The data Start Marker

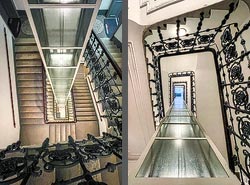 Stiegenhaus/Treppenhaus in einem Wohnhaus in Wien, Österreich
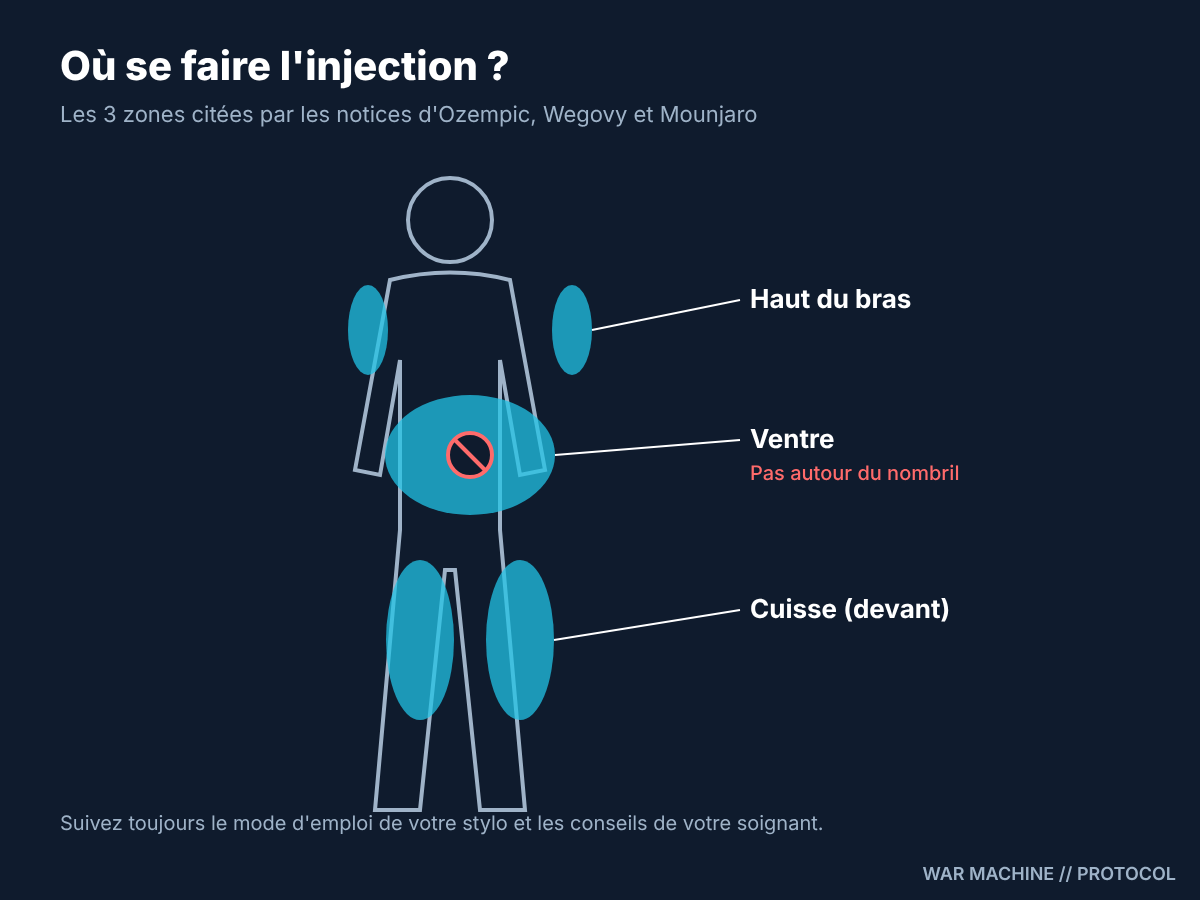 Les zones d'injection citées par les notices : ventre, cuisse et haut du bras.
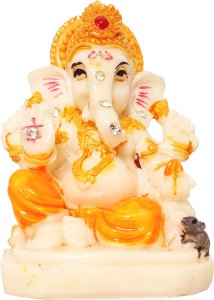 art n hub god ganesh / ganpati / lord ganesha idol- marble look handicraft decorative home & temple décor god figurine / statue gift item decorative showpiece  -  8 cm(earthenware, orange)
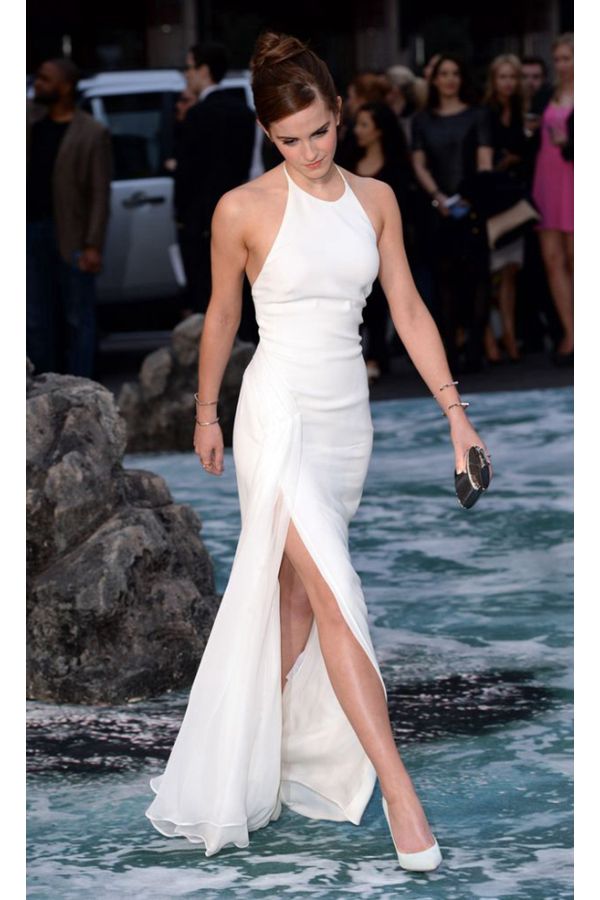 Icy Poise – Emma Watson “Noah” London Premiere-Inspired White Halter Slit Sheath Gown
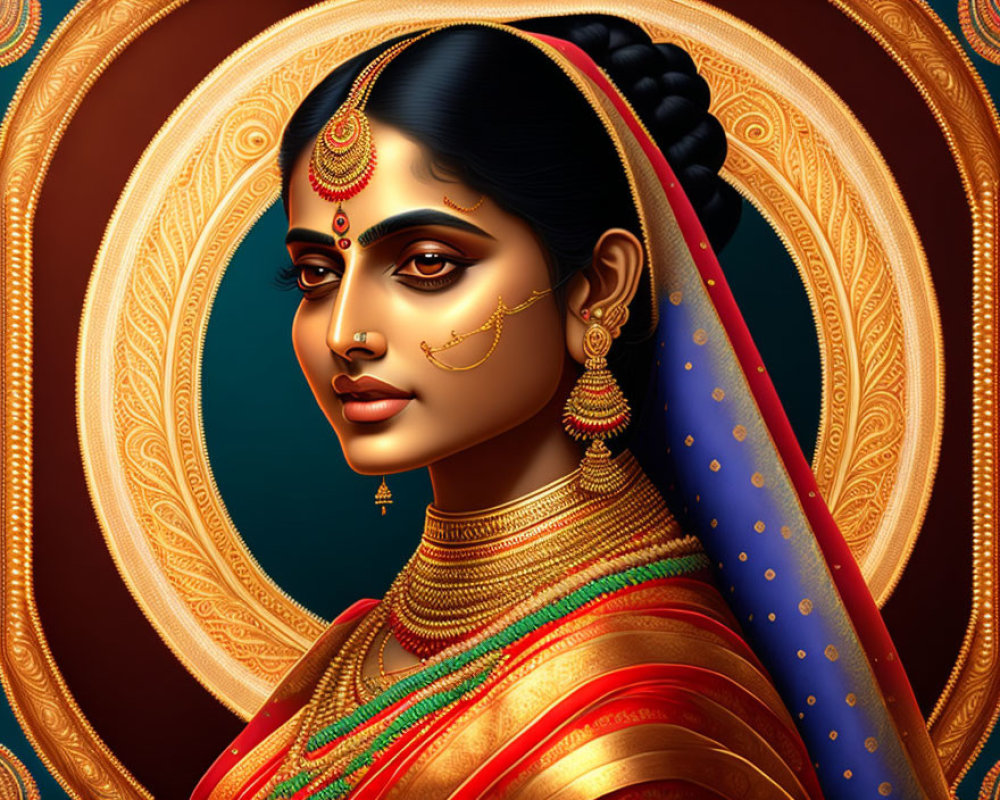 Traditional Indian Woman in Gold Jewelry and Saree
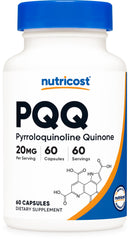 Nutricost PQQ 20mg bottle front with label for premium daily supplement.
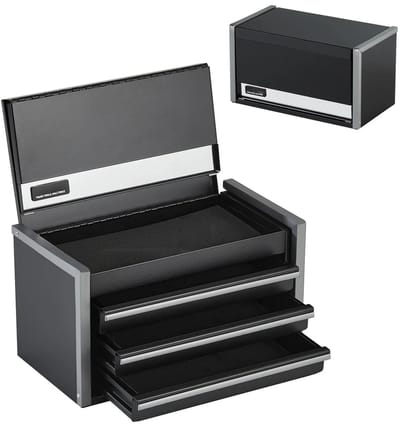 NordHaus Metalen Gereedschapskist - Gereedschapskoffer - Gereedschapsopbergbox - 3 Soepel Lopende Laden - 8,6 Inch Zwart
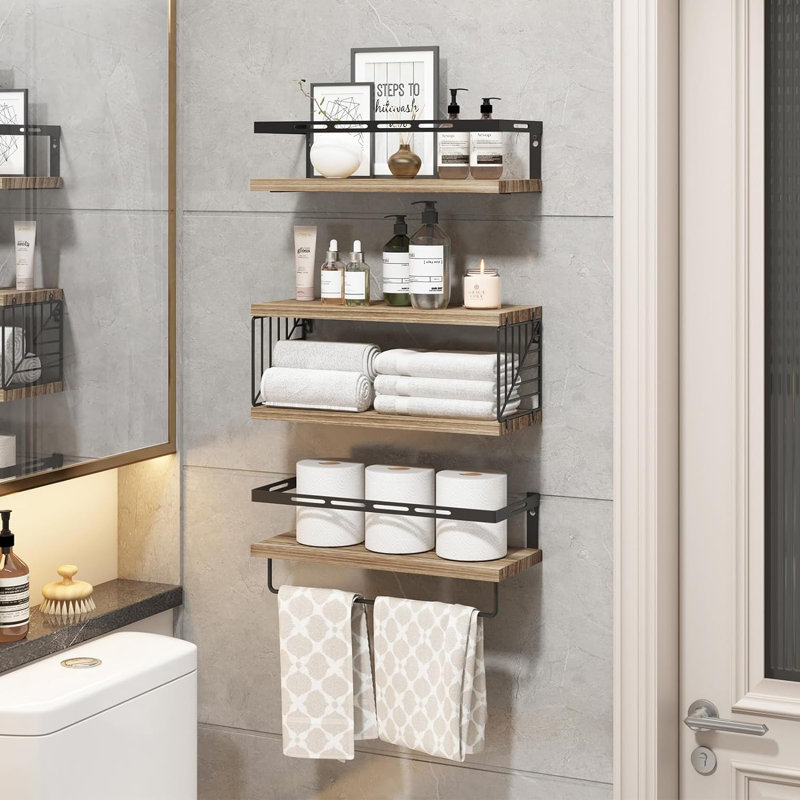 Valmer Mounting / Installation Required Bathroom Shelves, Rustic Brown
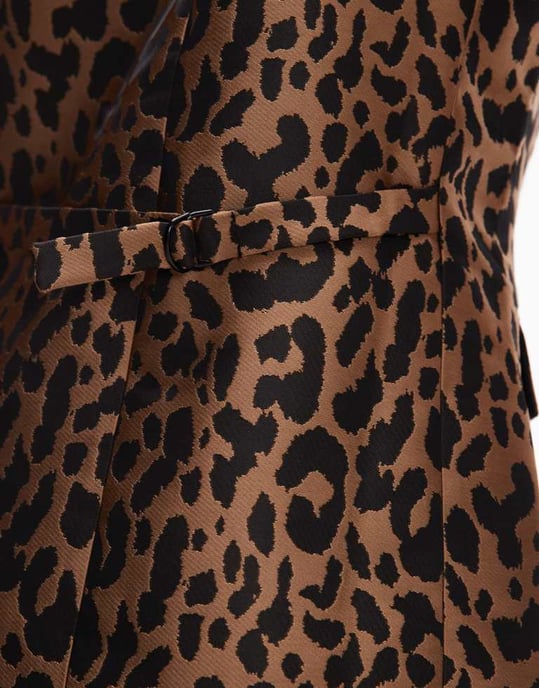 Topshop jacquard leopard waistcoat in bronze/gold - Image 3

The data End Marker

### What to do
No pictures belong in the copy. Retype exactly, and only, the lines from the line containing "Les zones d'injection" through the last line of the data, both included.

### Answer to this task
 Les zones d'injection citées par les notices : ventre, cuisse et haut du bras.
 art n hub god ganesh / ganpati / lord ganesha idol- marble look handicraft decorative home & temple décor god figurine / statue gift item decorative showpiece  -  8 cm(earthenware, orange)
 Icy Poise – Emma Watson “Noah” London Premiere-Inspired White Halter Slit Sheath Gown
 Traditional Indian Woman in Gold Jewelry and Saree
 Nutricost PQQ 20mg bottle front with label for premium daily supplement.
 NordHaus Metalen Gereedschapskist - Gereedschapskoffer - Gereedschapsopbergbox - 3 Soepel Lopende Laden - 8,6 Inch Zwart
 Valmer Mounting / Installation Required Bathroom Shelves, Rustic Brown
 Topshop jacquard leopard waistcoat in bronze/gold - Image 3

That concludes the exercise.